The remaining changes in the bill establish building requirements for ohana units: All ADUs must have sewage disposal and potable water supply systems, cannot exceed 1,250 square feet in living area (not counting lanais or garages) and must conform to the zoning district’s yard size requirements.
Much of the Council’s discussion of Bill 123 on Wednesday revolved around another proposed amendment introduced by Kona Council member Holeka Inaba. That amendment would have reduced the maximum allowable ADU density, limiting them to only two per site instead of three.
Kohala Council member Cindy Evans said she agreed with the need for greater housing density in order to resolve the county’s housing crisis, but questioned whether three units per site might be “too much density, too fast.”

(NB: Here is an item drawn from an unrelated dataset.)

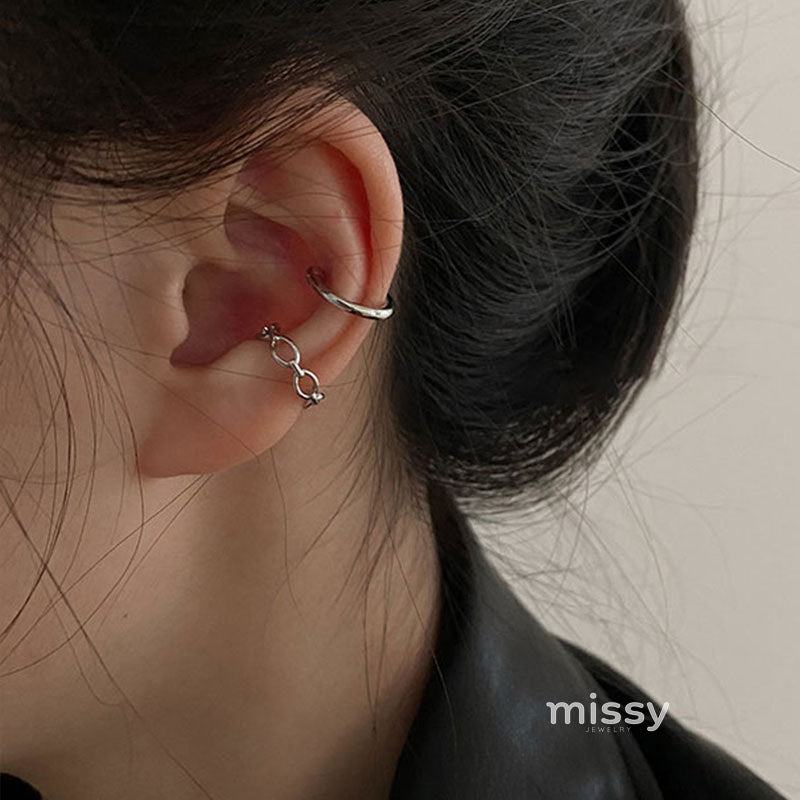 Arabelle Geometric Ear Cuff Set [5QZPSOU4]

Other Council members agreed that the whole concept of the bill revolves around the need for increased density.
“We can have more density in our urban core without becoming Honolulu,” said Hilo Council member Jenn Kagiwada. “It keeps country country, and keeps our neighborhoods our neighborhoods.”

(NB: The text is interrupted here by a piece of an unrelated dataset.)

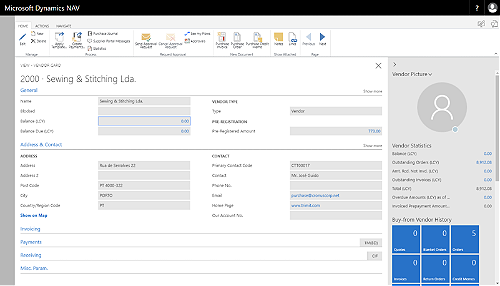 Dynamics NAV opened directly from TRIMIT PIR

Two nonprofit groups, the Grassroot Institute of Hawaii and the Sierra Club of Hawaii, respectively supported and opposed the measure.
While the Grassroot Institute argued in favor of the bill’s ability to streamline the permitting process for ADUs, the Sierra Club submitted a lengthy document enumerating nine reasons to reject the bill, ranging from a lack of consideration of its impact on public infrastructure, to misrepresentations of the bill’s function during previous discussions by the Council and the county planning director.

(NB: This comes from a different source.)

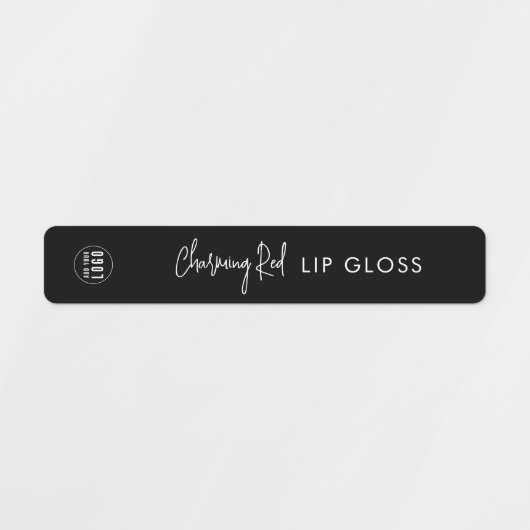 Minimaal productlabel voor bewerkbare kleuren labels (Design 1)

An individual testifier, Hamakua resident Tawn Keeney, was skeptical about certain aspects of the measure and called for more public discussion about it so that people are more aware of its potential impacts.
“This bill has such profound implications for our ‘lived-in’ environment that this furtherance of public presentation is entirely appropriate,” Keeney wrote. “This pause for consideration by the public in the form of presentation and (perhaps) response by the Community Development Plan Action Committees should serve to ease the sense that this bill is being rushed forward without public understanding.”
The Council voted 6-2 in favor of passing the bill on first reading, with Evans and Kona Council member Rebecca Villegas in opposition. The measure must past one final reading at a future Council meeting to be enrolled to the mayor’s office.